Call me a trifle cynical, but with rare exceptions, growth never pays for itself. Revenue streams just can’t keep up with expenditures. Why? First, growth’s new property taxes and the sales taxes collected from those new residents can never keep up with the needs for infrastructure improvements.
For instance, the streets can’t handle the additional traffic growth. Will that new growth require more schools? Probably not, owing to the high percentage of retirees bringing saddlebags of cash from the sales of homes in more expensive regions of the country. Public utilities will strain to keep up as well. School classrooms could swell to unmanageable numbers, if children come with the new arrivals.
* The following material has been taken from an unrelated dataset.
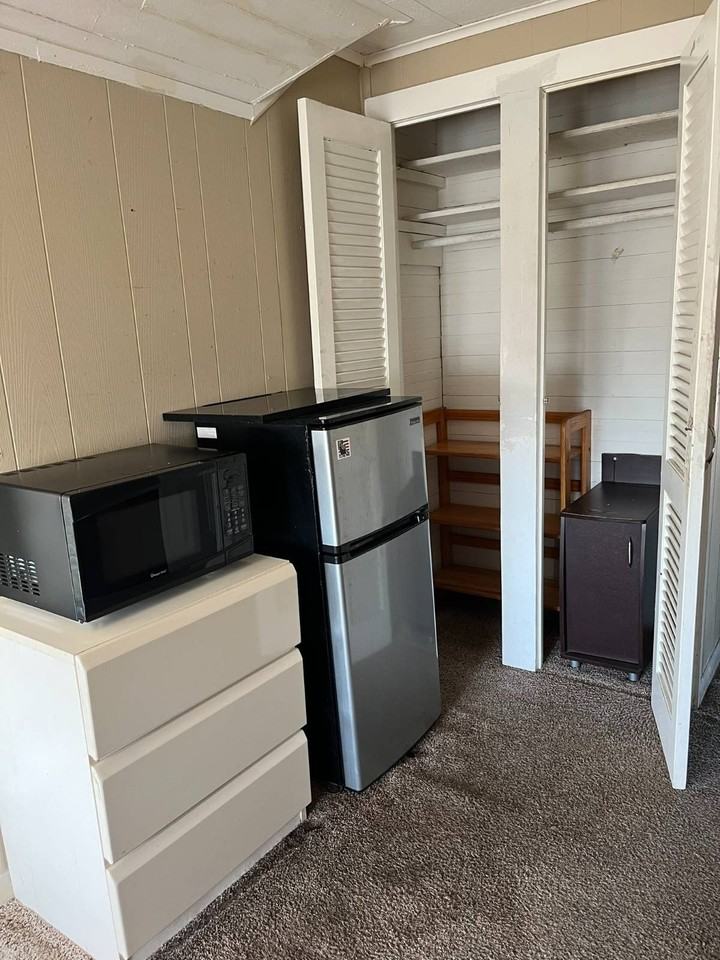 116 S Penataquit Ave - Photo 2 of 5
Then there will always be the issue of water supplies for all those new hookups. From single-family homes to condo and apartment development, we are not out of the woods when it comes to the long-running drought on the Western Slope, especially while Arizona, Nevada and California maneuver in the courts for more of an already stressed Colorado River.
But here is the objective truth (which is true whether or not one chooses to believe it): The growth of Durango and La Plata County carries the sorts of stress points that will not be well-received by people already complaining and, rightfully so, about too much traffic.
Frankly, it appears the planning department officials are living in their own bubble. “Planning,” per se, requires more than simply crunching some numbers. It’s also about cause-and-effect outside the numbers.